──────── Record set ────────
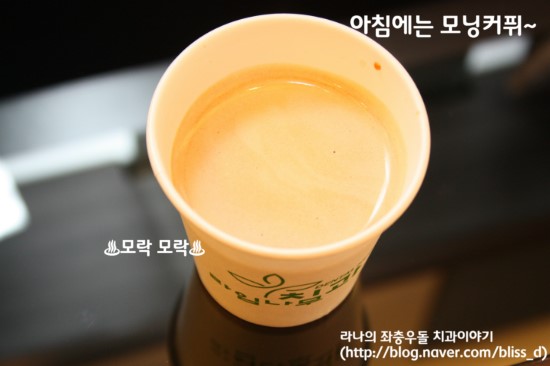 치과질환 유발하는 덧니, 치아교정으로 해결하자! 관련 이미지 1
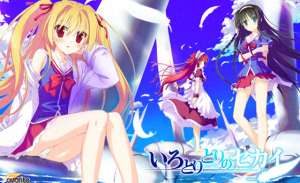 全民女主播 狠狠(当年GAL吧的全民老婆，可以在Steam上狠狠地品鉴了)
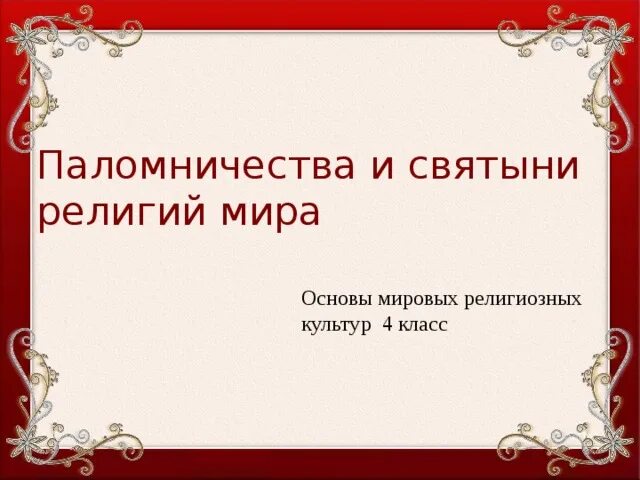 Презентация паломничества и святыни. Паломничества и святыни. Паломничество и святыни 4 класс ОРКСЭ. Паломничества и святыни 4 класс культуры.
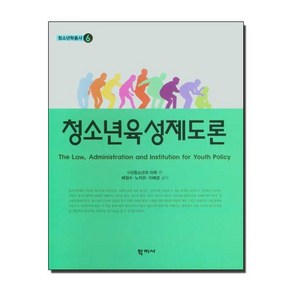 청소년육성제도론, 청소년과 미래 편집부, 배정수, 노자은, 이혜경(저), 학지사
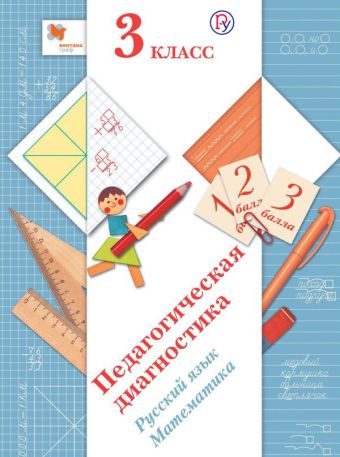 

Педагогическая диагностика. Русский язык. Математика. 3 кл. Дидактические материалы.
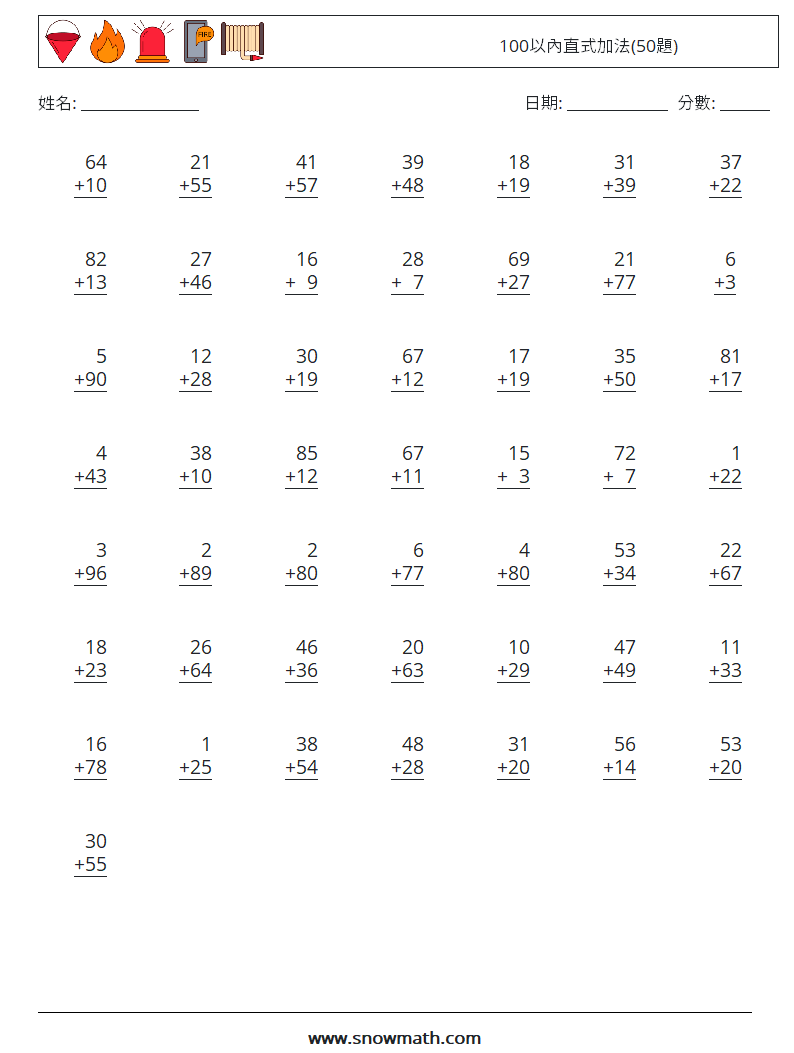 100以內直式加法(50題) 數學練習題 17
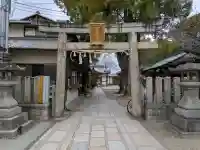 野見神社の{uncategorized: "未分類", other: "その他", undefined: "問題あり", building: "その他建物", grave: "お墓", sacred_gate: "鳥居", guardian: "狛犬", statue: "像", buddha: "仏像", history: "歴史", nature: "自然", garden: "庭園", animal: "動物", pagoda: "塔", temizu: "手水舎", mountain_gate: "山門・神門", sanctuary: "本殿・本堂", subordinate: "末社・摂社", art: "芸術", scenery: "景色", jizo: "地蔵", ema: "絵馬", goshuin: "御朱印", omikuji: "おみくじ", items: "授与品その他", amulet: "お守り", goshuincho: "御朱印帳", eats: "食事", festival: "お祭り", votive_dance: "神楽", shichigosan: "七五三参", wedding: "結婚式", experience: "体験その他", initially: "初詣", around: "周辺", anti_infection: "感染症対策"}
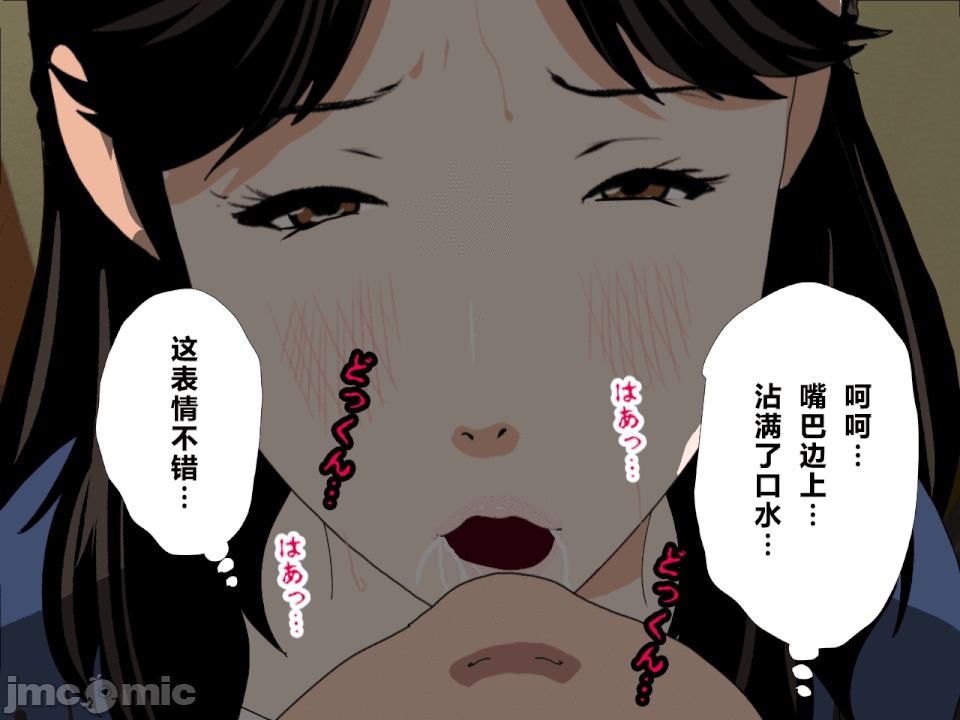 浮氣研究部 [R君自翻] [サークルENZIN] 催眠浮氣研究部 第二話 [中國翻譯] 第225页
────────
**Instructions to follow:**
Find the line that has "Презентация паломничества и" in the listing, then retype it and each later line up to the last, exactly. Leave pictures out.

**Written reply:**
 Презентация паломничества и святыни. Паломничества и святыни. Паломничество и святыни 4 класс ОРКСЭ. Паломничества и святыни 4 класс культуры.
 청소년육성제도론, 청소년과 미래 편집부, 배정수, 노자은, 이혜경(저), 학지사

Педагогическая диагностика. Русский язык. Математика. 3 кл. Дидактические материалы.
 100以內直式加法(50題) 數學練習題 17
 野見神社の{uncategorized: "未分類", other: "その他", undefined: "問題あり", building: "その他建物", grave: "お墓", sacred_gate: "鳥居", guardian: "狛犬", statue: "像", buddha: "仏像", history: "歴史", nature: "自然", garden: "庭園", animal: "動物", pagoda: "塔", temizu: "手水舎", mountain_gate: "山門・神門", sanctuary: "本殿・本堂", subordinate: "末社・摂社", art: "芸術", scenery: "景色", jizo: "地蔵", ema: "絵馬", goshuin: "御朱印", omikuji: "おみくじ", items: "授与品その他", amulet: "お守り", goshuincho: "御朱印帳", eats: "食事", festival: "お祭り", votive_dance: "神楽", shichigosan: "七五三参", wedding: "結婚式", experience: "体験その他", initially: "初詣", around: "周辺", anti_infection: "感染症対策"}
 浮氣研究部 [R君自翻] [サークルENZIN] 催眠浮氣研究部 第二話 [中國翻譯] 第225页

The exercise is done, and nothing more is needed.